In his short lifetime, conceptual artist Felix Gonzalez-Torres created a body of work so significant, that it continues to influence contemporary artists today. His legacy is re-imagined in an ambitious three-part exhibition, staged concurrently across three European cities and sensitively curated by his long time friends and artists, Julie Ault and Roni Horn.
The London instalment at Hauser & Wirth focuses on a specific body of work within the artist’s oeuvre, namely his series of jigsaw puzzles from 1991. The year 1991 not only represented social and political upheaval at the height of the global AIDS epidemic but also meant personal tragedy for the artist after the recent death of his partner. These sentiments are echoed in the reproduced imagery of the puzzles, where personal photographic mementos are juxtaposed with appropriated newspaper prints and excerpts from handwritten correspondence between the lovers. Here, the personal becomes very much political.
Upon entering the front gallery, a single blue-hued mirror is encountered, returning the viewer’s gaze. As a solitary object, its position opposite the entrance feels direct and almost confrontational. Throughout his practice, Gonzalez-Torres used the vernacular of the habitual and the readymade in his minimalist sculptural installations. Light bulbs, clocks and stacks of foil-wrapped hard-boiled sweets feature prominently as recurrent themes. These simple installations seem underpinned with melancholic undertones, however, through their economy of gesture. The pairing of objects and the use of the double is another common leit-motif. Inferred as a double portrait of the artist and his lover, this device intimates a personal relationship between the objects themselves.
Turning the corner into the second gallery, the floor length double mirrors of ‘Untitled (Orpheus Twice)’ solemnly stand. Opposite, in ‘Untitled (March 5th)’, two dimly-lit light bulbs are suspended from lengthy, intertwined extension cords against the gallery wall. The proximity of each bulb expresses a quiet intimacy, so much so that it almost feels intrusive to publicly witness it.
In previous works, the act of public participation has been central to the realisation of the concept. With installations, such as ‘Untitled (Placebo)’, the public is invited to take a sweet from a carpet of foil-wrapped sweets. With this process, the audience is distributing the artwork and assimilating the concept into public consciousness. In some circumstances, the objects are replenished.

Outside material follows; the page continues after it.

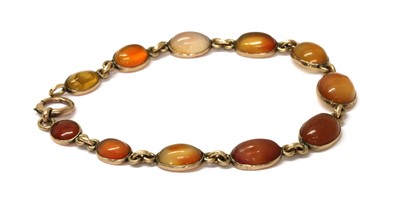 Lot 1171 - A gold agate bracelet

In others, each selection contributes to the gradual destruction of the artwork.
In the larger gallery space at Hauser & Wirth are two series of eight puzzle works. Each jigsaw is displayed from behind a transparent plastic bag, allowing only for the work to be observed. Certain poignant phrases leap from the texts - ‘I am lonely’, ‘you are not so near’, ‘the courage to fight off the pain’. I wondered whether the artist had originally intended for each puzzle to be plucked away by anonymous individuals for their own consumption? Was it his wish for the very personal sentiments glimpsed here, to be shared and distributed? Whatever the artist’s intention, this exhibition provides a privileged insight into the life and loves of Felix Gonzalez-Torres.